In very large processing contexts, such as financial institutions or utilities, or in a data-warehousing context, the number of rows may stretch into the hundreds of thousands, making a table scan far too expensive. In this article, we focus on large tables, with over 100,000 rows of data.
The problem we examine is how to pick out just N rows from a very large table as efficiently as possible. In this case, efficiency will be the elapsed time to return the entire set of rows. Our aim is to minimize the kinds of overheads that creep into this kind of problem when we take too many details as given parts of the technology, not as choices we make in creating a solution.
Order By and ROWNUM
Many RDBMS products can fudge in a row number as part of the query results. In Oracle, the ROWNUM column provides a number for each row returned. In DB2 and MySQL, there is a LIMIT clause that can be used to return only selected rows that comprise a batch.
The canonical example in Oracle is something like Example 1. This has the unfortunate side effect of sorting the entire table prior to locating the top N rows. Further, the temporary storage used for sorting can be a scarce resource. If multiple client processes are sorting concurrently, resources can be exhausted, leading to individual application crashes as well as making the system unresponsive.
Because Oracle assigns the row numbers before sorting, we have to use the inline view technique in Example 1. The data is sorted by the view, then row numbers are assigned for picking off a batch of rows. A large sort is done before any rows are returned. For systems like MySQL and DB2 with LIMIT clauses, the syntax is slightly simpler (see Example 2), but the performance is no better.
Some vendors offer a RANK analytic function that can be used with the OVER clause to provide ranking values in complex queries. As with the previous use of ROWNUM or LIMIT clauses, this will query, sort, and process the entire table before returning a useful result set.
One of the most common methods for selecting the top N rows from a result set is to write a short piece of application code. The idea is that the application program does not fetch rows beyond the N required rows. Unfortunately, the sort still gets done. Example 3 is handy for measuring the magnitude of the problem. The delay due to sorting is seen by measuring the time to process each row. The first call to next reflects the time to do the sort and fetch the first batch of rows into cache. The remaining calls to next run extremely quickly.
One Scan Only
To avoid sorting all of the rows in the table, you need to focus your sorting on just a subset of those rows. Example 4 exemplifies this approach. This seeds a TreeMap with keys and data elements for the first N rows. The first key is the minimal key in the set. As rows are fetched, they are compared against the first key. If the new row's key is less than or equal to this first of N keys, the new row is ignored. If the new row's key is greater than this first of N keys, then the previous minimum key is discarded and this new row is inserted.
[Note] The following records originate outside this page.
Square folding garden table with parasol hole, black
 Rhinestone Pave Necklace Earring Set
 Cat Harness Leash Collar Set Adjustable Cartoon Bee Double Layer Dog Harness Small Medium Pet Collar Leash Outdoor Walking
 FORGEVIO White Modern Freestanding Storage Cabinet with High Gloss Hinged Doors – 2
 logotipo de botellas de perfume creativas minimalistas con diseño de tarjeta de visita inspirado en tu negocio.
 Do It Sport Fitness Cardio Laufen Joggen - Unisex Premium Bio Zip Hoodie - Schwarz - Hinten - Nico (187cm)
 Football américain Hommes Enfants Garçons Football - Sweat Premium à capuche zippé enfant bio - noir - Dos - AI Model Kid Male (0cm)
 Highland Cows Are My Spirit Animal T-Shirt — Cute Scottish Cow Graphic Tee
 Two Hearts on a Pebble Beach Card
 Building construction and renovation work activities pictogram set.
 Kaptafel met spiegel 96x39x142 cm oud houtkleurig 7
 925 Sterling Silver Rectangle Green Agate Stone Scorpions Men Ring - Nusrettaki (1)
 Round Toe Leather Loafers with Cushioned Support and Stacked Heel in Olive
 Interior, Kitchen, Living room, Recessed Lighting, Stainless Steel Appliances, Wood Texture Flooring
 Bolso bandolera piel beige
The sorting is reduced to tree insertion for a subset of the rows. If the rows are in a random order, then approximately half will be ignored. If the rows are in descending order, then all but the first N will be ignored. If the rows are ascending, then the N-row subset will have each of the table rows sorted in and then removed.
Where a full sort of R rows is O(Rlog(R)), this sort is somewhat smaller, and is O(Rlog(N)). When the table is very large and the batch size is very small, this difference can be profound. When we are trying to find a 100 row batch from a 100,000 row table, the processing is cut in almost 1/3 in the worst possible case.
Point #1 in Example 4 is the TreeMap into which we'll accumulate, at most, keep rows of keys and data values. Since the map isn't full at Point #2, we load in key values and data values. In this case, we only use a single column that we presume is a primary key. If necessary, we could construct and insert a more complex object.
Once the map is full at Point #3, we compare each new row against the smallest of the keys in topRows. If the new row is larger, it should be in the collection; we drop the lowest value from the collection. Since this is a balanced red-black tree, the tree will be reordered and balanced as necessary after this operation.
Fork and Split
As with many such problems, the real problem is not to get the top N rows. The real problem is to break up a stream of incoming transactions into batches. The current architecture puts transactions into a large table, then repeatedly picks out batches for processing. This is, of course, slow, and the initial narrow focus on a specific performance issue leads to this investigation.
The table and the consequent table scans are not an essential feature of the problem. The table is merely persistence for transactions until they have been fully processed. It is little more than a recovery mechanism in case the transaction processor fails. From this point of view, it is a slow and expensive version of a reliable message queue, and any number of vendors provide reliable message delivery without using a large, expensive relational database.
Realizing this, there is a canonical UNIX solution that works without any overhead at all:
- A transaction enters the system. It is inserted into the database for reliability purposes. It is also written to a temporary file for processing.
- When the temporary file has a batch of N records in it, the system closes the file and then forks a subprocess to execute the batch of transactions in that file.
- The subprocess is given a file of transactions. Each transaction in the file can also be found on the database. When the subprocess has finished processing the transaction, it deletes the transaction from the database, clearing out the reliability information.
In the event that the transaction processors crash, the unprocessed transactions in the database can be queried and split up into transaction files, and transaction subprocesses created. The only difference from normal operations is the origin of the transactions.
It is often difficult to fix the real problem. In this case, the overall architecture was an effort at inventing a reliable message queue.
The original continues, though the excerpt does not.